Thanks to some very kind souls, I have been granted an opportunity to take a sneak peak at the latest Maketoys releases. And with Cupola riding high in a lot of people's end of 2015 lists, there is a definite air of expectation surrounding their next Headmaster analogue; Iron Will.
Based heavily on the 1987 Japanese Headmasters character as well as the original G1 toy, Maketoys newest effort takes Hardhead's no nonsense, karaoke loving (yes, really), Sunbow swerving animation model (Rebirth lovers, you have been jilted) and applies some platinum 2016 design flair and finish to proceedings. Straight out of the box, this is a beautifully retro looking yet modern feeling hulk of a toy.
Iron Will has a strong silhouette made from simple blocky shapes, partnered with a well considered level of surface detail allowing the clean lines of the figure plenty of room to breathe.

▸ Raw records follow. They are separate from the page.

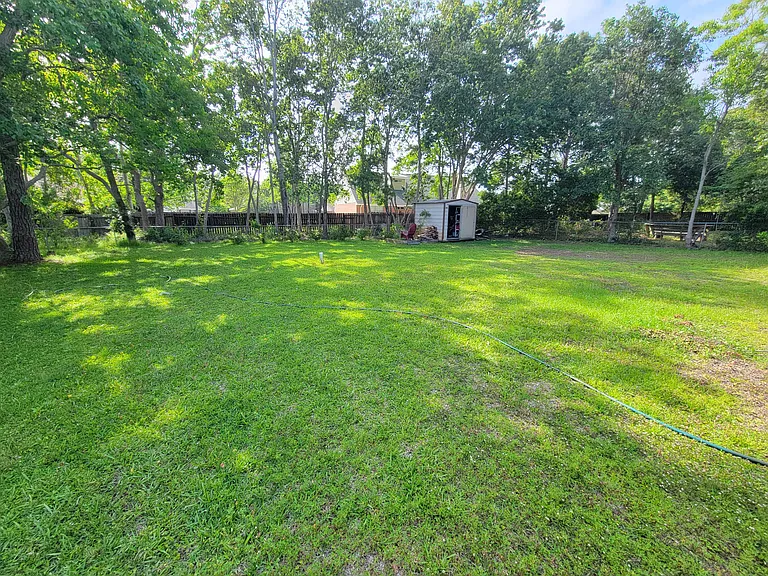 2225 Prytania Cir — Photo 17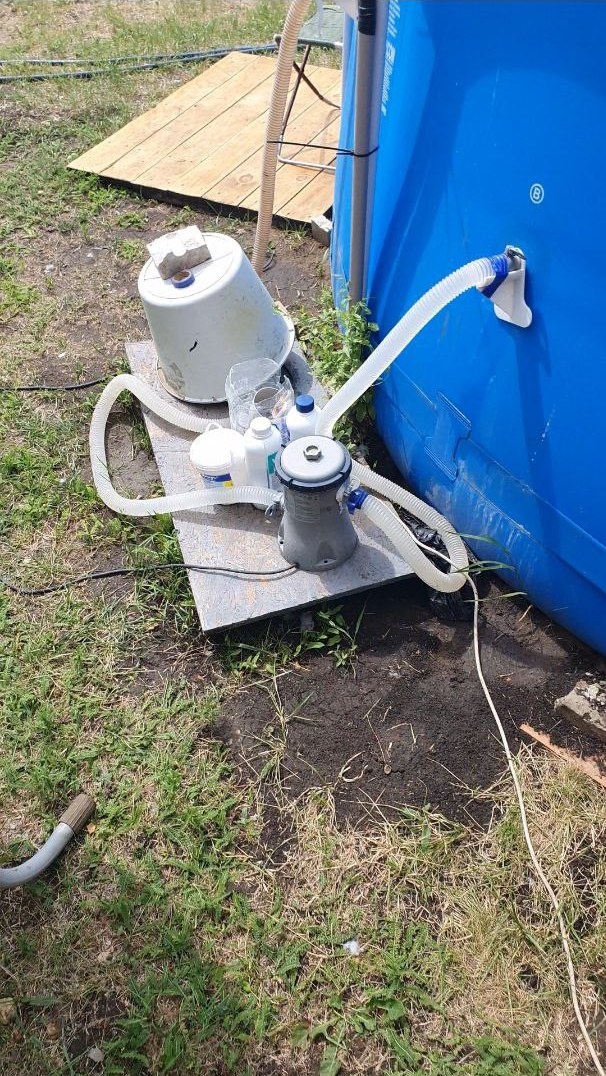 моя фильтрационная система(под ведром хлоргенератор)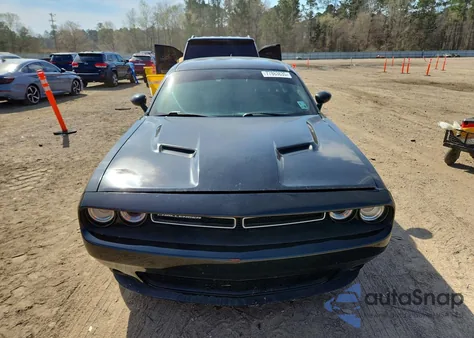 2016 Dodge Challenger Sxt z USA, uszkodzony, nr VIN 2C3CDZAG9GH331638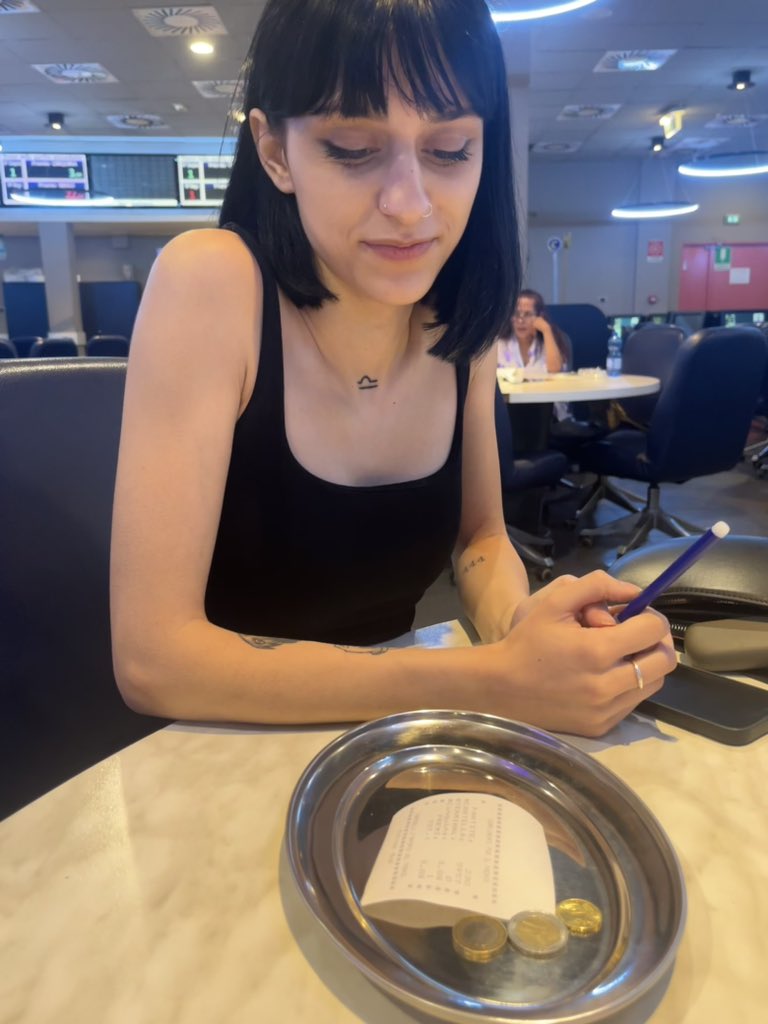 vvb assai a tutti quelli che ho visto, nessuno escluso 🙂‍↕️❤️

|The way that backpack forms is an absolute treat|
Although you'll still find vents, pistons and tech details dotted about all over the place, these are here to spice up, not overpower the visual proceedings. Similarly the paint applications are sparse but effective and serve to enhance the clean look of the toy rather than distract from it.
Like Cupola before him, Iron Will takes that unashamedly retro futuristic aesthetic the post '86 Movie universe developed, runs it through a Masterpiece inspired filter and never looks back.
Now before we move on, there is an elephant in the room. You've possibly heard of it, might be waiting for me to get to it and it needs addressing so that it may take its leave. There are two visual flaws in robot mode that come about from the figure's transformation scheme. The first is in the elbows.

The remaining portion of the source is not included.